XXIII Domenica Tempo Ordinario
Nel mare tempestoso dell’indifferenza occorre diventare Isole di fraterno approdo
(Isaia 35,4-7; Giacomo 2,1-5; Marco 7,31-37)
Ascoltiamo il Vangelo:
“In quel tempo, Gesù, uscito dalla regione di Tiro, passando per Sidòne, venne verso il mare di Galilea in pieno territorio della Decàpoli. Gli portarono un sordomuto e lo pregarono di imporgli la mano. Lo prese in disparte, lontano dalla folla, gli pose le dita negli orecchi e con la saliva gli toccò la lingua; guardando quindi verso il cielo, emise un sospiro e gli disse: «Effatà», cioè: «Apriti!». E subito gli si aprirono gli orecchi, si sciolse il nodo della sua lingua e parlava correttamente. E comandò loro di non dirlo a nessuno. Ma più egli lo proibiva, più essi lo proclamavano e, pieni di stupore, dicevano: «Ha fatto bene ogni cosa: fa udire i sordi e fa parlare i muti!».
C’è una costante nel racconto dei miracoli o negli interventi di Gesù in favore di qualcuno. Se chi deve ricevere un beneficio non ce la fa ad arrivare presso di lui, gli viene portato. Accompagnare le povertà e le necessita degli altri significa diventare guide, “mezzi di trasporto”, per favorire l’approccio. Così è stato per Pietro che fu accompagnato dal fratello Andrea presso Gesù, così per il paralitico calato dal tetto, altrettanto per molti malati impediti a presentarsi da soli.
Gesù forza attrattiva verso cui arrivare, tendere ed approdare. Proprio come la luce che attira a sé le foglie di una pianta o i fiori che si dischiudono alla luce del sole o un albero che si innalza per nutrirsi dei raggi che lo investono.
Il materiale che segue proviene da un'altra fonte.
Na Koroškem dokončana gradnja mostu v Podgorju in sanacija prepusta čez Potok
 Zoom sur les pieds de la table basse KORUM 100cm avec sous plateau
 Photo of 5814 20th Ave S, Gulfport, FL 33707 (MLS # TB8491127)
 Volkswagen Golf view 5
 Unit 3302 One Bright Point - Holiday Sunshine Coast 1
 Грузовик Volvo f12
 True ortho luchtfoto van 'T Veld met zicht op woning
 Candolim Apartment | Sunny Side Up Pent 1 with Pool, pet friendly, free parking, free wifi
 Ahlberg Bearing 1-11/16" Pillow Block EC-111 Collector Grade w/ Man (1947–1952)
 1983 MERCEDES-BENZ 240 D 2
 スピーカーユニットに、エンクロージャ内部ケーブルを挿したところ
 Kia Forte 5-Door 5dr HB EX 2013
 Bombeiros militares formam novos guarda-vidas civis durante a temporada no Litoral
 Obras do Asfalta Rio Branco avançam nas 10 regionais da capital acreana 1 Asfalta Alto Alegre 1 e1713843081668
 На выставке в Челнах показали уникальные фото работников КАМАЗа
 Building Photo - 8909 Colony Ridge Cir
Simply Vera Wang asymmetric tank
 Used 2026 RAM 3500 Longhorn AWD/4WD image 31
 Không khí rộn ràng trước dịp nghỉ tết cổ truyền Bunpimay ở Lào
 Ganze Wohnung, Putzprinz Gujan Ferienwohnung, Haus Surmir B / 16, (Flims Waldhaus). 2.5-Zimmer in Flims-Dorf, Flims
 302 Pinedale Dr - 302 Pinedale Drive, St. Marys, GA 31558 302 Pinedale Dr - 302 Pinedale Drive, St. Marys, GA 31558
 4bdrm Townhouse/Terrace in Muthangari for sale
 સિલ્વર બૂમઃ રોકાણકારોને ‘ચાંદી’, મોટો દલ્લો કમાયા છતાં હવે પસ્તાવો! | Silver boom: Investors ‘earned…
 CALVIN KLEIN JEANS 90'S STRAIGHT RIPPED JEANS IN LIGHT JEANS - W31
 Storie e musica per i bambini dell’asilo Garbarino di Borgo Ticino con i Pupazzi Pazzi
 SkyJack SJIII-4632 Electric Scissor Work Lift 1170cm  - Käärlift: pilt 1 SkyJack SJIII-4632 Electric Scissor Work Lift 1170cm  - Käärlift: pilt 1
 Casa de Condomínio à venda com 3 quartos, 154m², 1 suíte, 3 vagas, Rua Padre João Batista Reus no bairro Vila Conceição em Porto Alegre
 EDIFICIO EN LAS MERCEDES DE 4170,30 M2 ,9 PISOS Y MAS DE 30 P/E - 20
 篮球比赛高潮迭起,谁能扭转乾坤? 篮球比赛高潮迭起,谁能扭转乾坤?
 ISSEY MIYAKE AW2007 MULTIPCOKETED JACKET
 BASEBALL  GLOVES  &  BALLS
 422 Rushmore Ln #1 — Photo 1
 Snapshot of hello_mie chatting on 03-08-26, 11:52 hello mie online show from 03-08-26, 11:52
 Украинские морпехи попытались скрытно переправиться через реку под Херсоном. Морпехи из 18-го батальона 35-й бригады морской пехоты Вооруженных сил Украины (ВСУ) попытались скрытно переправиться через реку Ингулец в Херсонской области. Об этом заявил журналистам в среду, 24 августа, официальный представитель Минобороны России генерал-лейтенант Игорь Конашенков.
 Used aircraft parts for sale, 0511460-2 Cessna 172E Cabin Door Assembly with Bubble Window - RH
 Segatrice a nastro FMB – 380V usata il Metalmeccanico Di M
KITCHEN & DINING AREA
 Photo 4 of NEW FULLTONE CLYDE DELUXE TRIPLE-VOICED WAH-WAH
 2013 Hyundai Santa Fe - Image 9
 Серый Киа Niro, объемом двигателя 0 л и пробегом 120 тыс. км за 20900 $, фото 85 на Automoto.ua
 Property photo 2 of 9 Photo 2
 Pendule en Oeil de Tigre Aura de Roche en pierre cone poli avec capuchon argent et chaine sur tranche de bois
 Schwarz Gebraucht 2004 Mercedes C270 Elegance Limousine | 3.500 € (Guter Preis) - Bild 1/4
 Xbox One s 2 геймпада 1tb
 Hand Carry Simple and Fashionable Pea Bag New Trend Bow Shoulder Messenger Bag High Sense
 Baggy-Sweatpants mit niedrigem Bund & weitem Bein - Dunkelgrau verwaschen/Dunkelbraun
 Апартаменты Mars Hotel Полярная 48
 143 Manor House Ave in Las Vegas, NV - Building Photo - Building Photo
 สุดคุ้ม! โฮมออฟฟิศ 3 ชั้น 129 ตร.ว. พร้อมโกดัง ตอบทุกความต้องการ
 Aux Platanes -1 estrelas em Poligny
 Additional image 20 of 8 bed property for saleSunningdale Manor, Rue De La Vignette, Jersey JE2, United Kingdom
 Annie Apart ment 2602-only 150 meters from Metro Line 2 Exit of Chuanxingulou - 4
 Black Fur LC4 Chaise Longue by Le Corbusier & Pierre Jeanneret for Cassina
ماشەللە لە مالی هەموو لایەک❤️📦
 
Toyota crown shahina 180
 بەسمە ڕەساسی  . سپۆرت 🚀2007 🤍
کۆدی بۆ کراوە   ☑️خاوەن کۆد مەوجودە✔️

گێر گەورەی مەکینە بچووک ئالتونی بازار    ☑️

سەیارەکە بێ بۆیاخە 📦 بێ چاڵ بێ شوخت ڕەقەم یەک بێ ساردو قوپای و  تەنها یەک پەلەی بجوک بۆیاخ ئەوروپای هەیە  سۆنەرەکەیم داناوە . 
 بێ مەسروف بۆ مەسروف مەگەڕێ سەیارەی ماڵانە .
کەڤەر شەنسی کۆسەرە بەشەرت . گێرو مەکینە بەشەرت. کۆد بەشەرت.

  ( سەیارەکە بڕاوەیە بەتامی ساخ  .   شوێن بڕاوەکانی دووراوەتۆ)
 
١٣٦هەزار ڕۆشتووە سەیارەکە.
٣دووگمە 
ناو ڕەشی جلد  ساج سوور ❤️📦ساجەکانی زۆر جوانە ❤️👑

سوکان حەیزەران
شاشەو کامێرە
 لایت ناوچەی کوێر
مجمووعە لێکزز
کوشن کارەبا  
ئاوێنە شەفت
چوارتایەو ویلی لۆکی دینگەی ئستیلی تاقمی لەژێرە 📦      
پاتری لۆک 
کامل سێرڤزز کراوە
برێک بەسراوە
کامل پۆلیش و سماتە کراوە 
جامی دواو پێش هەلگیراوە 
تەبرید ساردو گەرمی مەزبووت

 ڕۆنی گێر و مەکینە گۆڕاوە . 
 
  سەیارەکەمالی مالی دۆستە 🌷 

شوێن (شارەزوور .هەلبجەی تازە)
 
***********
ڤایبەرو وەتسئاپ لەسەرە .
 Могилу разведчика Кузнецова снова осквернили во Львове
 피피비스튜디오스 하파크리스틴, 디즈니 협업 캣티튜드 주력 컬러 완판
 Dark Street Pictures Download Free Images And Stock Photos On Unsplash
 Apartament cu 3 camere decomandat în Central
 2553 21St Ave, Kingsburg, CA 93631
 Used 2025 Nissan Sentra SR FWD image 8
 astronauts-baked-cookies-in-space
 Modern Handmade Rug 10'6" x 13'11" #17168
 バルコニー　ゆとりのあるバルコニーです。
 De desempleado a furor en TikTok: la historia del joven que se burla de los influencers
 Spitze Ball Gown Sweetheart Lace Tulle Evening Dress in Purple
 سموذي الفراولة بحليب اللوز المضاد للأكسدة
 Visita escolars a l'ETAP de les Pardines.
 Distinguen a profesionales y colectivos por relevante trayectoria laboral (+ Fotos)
Portano a Gesù un sordomuto. Difficile rapportarsi con lui, non sente e non può rispondere. Gesù lo porta in disparte. Si dona solo a lui. Parlano con i gesti: imposizione delle mani, tocco degli orecchi e, da ultimo, il tocco della lingua con la saliva. Intimità vera, profonda, quasi scandalosa. E poi il grido “effatà, cioè: apriti”. E accade il miracolo sperato. Viene premiata la fede di coloro che glielo hanno consegnato, accompagnandolo, e il sordomuto, finalmente, ci sente e può parlare.
Tutte le nostre chiusure, i nostri silenzi dinanzi a colui che ci chiama in intimità si dissolvono. Forse non portiamo le ferite del mutismo e della sordità scritte sulle nostre membra, ama, di sicuro, ogni volta che non sentiamo il grido del povero, dell’escluso; ogni volta che non interveniamo dinanzi alle ingiustizie, ai soprusi siamo sordi e muti anche noi. Davvero avremmo bisogno d’essere toccati da Dio per sciogliere i nodi della nostra lingua e dischiudere le sordità nelle quali ci immergiamo. Non possiamo ignorare, far finta di niente, passare dinanzi alle necessità degli altri senza interpellarci, senza stimolarci ad averne compassione. È davvero l’indifferenza il male peggiore, cancerogeno, della vita societaria di oggi. “La chiesa – afferma papa Francesco – sia un’isola di misericordia nel mare dell’indifferenza”. Quando l’indifferenza soffre la mattia della globalizzazione occorre spezzarla, guarirla con la medicina della fraternità misericordiosa. Avere il cuore verso il misero significa vedere i disagi, sentire le grida di aiuto e denunciare gli stati di miseria.
“Effatà, cioè apriti” dobbiamo gridare al nostro cuore, alle nostre labbra e ai nostri orecchi. Non solo per percepire ciò che ci diletta, ci piace, ci attira, ma anche tutto ciò che il mare dell’indifferenza fa spiaggiare sui litorali delle nostre esistenze. È tempo di svegliarci, agire, sporcarci le mani per aiutare, soccorrere. Diventare isole di fraterno approdo nel mare tempestoso dell’indifferenza.